Continued improvements based on real lawyer interactions have shaped its suite of products covering the entire pre-execution contract lifecycle. Definely can quickly adapt its legal tech solutions based on user needs.

The way we see it is we operate on what we call the pre-execution contract life cycle. When you first want to create your contract, and you want to access all the past wordings and provisions and clauses - those are part of a new product, which we haven't yet launched, but will be launched in a few weeks allows you to do that and access all the sort of knowledge from your organization's repository. Once you've done that, and you want to interrogate the contract, negotiate it, draft it, review it. That's when you then utilize Definely Draft. Then after you finish doing that, you want to clean up the contract, sanitize it, you utilize our proofreading products, which does what it says on the tin. And finally, once you've executed the contract and you turn it into a PDF, you can review it using our PDF product. So that's essentially how the products merge together.

Vision for the Future

Looking ahead, Definely plans to leverage natural language processing in new ways while mitigating risks related to emerging generative AI technologies like GPT. Their legal experience makes them uniquely equipped to innovate thoughtfully.

As MacDaeid noted, “this opens up the possibility of really supercharging the offerings that we already have in a lot of ways” But he emphasized not rushing to market, stating, “I’m not a big believer in that, the first in the race doesn't always wins.”

Responsible Approach to Leveraging AI

Definely cautions against overhyping AI capabilities, given concerns around security vulnerabilities and output inaccuracies. They advocate for slow, deliberate integration of new technologies with safeguards to address risks.

As MacDaeid stated, “You have to take time and look at these kinds of technologies and assess what are the risks involved with it.” Their insights can guide others pursuing AI-enabled legal tech in an accountable manner.

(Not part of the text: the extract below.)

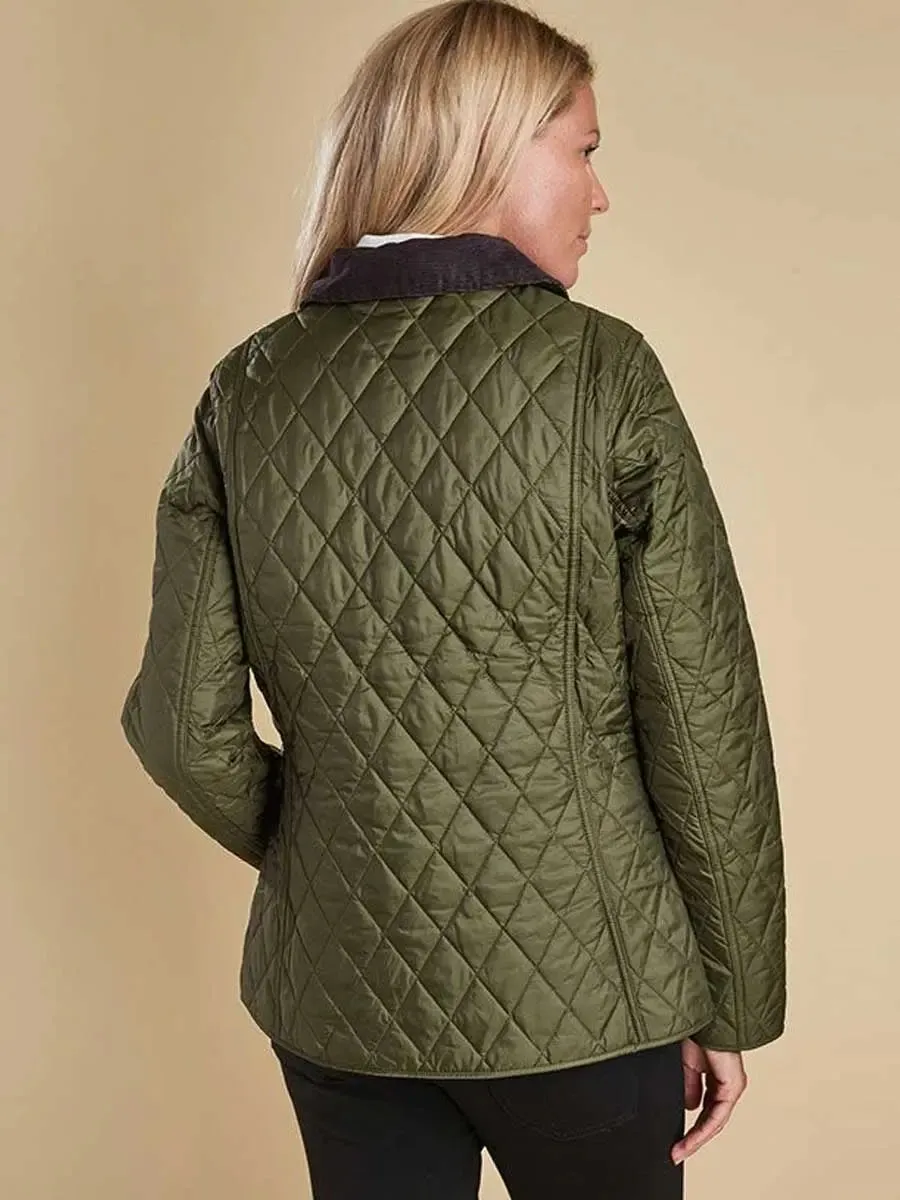 40% OFF BARBOUR Jacket - Ladies Annandale Quilted - Olive - Size: UK 20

Maintaining Focus on Ethics and Reputation

As former lawyers, Definely's founders are attuned to client confidentiality, data sensitivity, and professional integrity. They aim to transform workflows without undermining user trust.

MacDaeid emphasized, “I’m not going to build something that puts my reputation or the company's reputation in jeopardy by providing a solution that is crap.” This commitment to ethics is central to their blueprint.

Framework for Evaluating Generative AI

Definely recognizes both the opportunities and limitations of generative AI models like GPT-4. As Abhijat Saraswat, who hosted the discussion, shares, there is a useful framework when evaluating whether Generative AI (at least in its current state) should be utilized:

  1. how important is the accuracy?
  2. how important is the understanding of the real-world outcomes?
“I think you have to answer at least two questions: how important is the accuracy of the output? And, how important is the understanding of the real world outcomes?"

For legal tech, precision and comprehension of impacts are critical. Definely's measured approach accounts for these factors appropriately.


Definely provides a blueprint for legal tech innovation and disruption rooted in solving real-world problems. By launching a focused MVP, embracing inclusive design, gathering user feedback, and proceeding carefully with emerging technology, the company has steadily built momentum for change.

Above all, Definely's blueprint underscores how purpose-driven businesses can activate change while upholding their values. The ethical application of technology to increase access, efficiency, and transparency points the way forward for the legal industry.